We have a head start here. In just two past centuries, we have figured out what are the four fundamental forces of nature, which are:
  • Gravitation: The general theory of relativity, interprets gravity as not a force, but effect of curvature of spacetime itself. Einstein proved that gravity is not a force at all. It is the curvature of spacetime. To describe general relativity in short, 'Matter tells space how to bend and space tells matter how to move'. The range of gravity is infinite as it is a property of spacetime itself. Gravity is a weak force, compared to rest of the three forces. However, the evolution of the universe is ultimately dictated by gravity.
  • Electromagnetic Force: This is an infinite range force, which governs almost all changes in nature. Electromagnetic force is what binds atoms into molecules and makes life possible. This force is mediated by photons. Electromagnetic radiation provides an important relic or evidence about origin of the universe, which will be discussed later.
  • Strong Force: This is a very short-range force, which binds the basic building blocks of baryonic matter (quarks) together. This force is mediated by gluons.
  • Weak Force: The weak force is responsible for the phenomenon of radioactivity. This force is mediated by three types of heavy vector bosons (W+, W-, Z). All bosons are force-carrying particles. The weak and electromagnetic forces have been shown to be unified at large energy scales, into a single force, that is electroweak force.
All matter content around us is now known to be made up of 6 quarks and 6 leptons, along with their antiparticles. They are all bound together by the four forces mentioned above. (Antiparticles are particles with same mass as normal particles, but opposite charge. The antiparticle of the electron is the positron, which is an electron with a positive charge. When a particle and antiparticle are brought together, they annihilate to release pure energy.) So, we know the players on the stage of the universe and we know the interactions between them.

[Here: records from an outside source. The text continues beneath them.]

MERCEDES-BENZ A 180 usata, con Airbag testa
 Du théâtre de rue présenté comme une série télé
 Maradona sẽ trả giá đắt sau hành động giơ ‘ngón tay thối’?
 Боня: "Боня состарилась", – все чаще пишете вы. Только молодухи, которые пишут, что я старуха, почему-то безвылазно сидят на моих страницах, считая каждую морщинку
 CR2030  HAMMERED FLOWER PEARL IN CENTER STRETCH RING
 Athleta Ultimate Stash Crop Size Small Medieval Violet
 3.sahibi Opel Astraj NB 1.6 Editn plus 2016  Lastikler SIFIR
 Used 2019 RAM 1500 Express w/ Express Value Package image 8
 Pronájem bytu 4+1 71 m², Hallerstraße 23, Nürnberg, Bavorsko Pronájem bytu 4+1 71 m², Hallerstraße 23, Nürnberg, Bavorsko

Knowing the fundamental forces very well, doesn't make our problem any easier. Just as knowing the rules of chess, does not make you a Kasparov, similarly, knowing fundamental physical laws does not mean that we understand everything. These basic laws applied to gargantuan collections of particles show even more complex behavior.

Step 2: Observe the Current State of the Universe

Next step is observing the current state of the universe, in as much details as possible. To know what the universe was before, we need to understand what it is now. This is essential, if we want to construct a coherent picture of its past. This includes developing tools like telescopes to gather information through various bands of electromagnetic radiation (Visible, X-rays, Gamma, Radio, and Infrared). Calculating distances of objects like stars and galaxies, as well as knowing their composition is an important part of this exercise.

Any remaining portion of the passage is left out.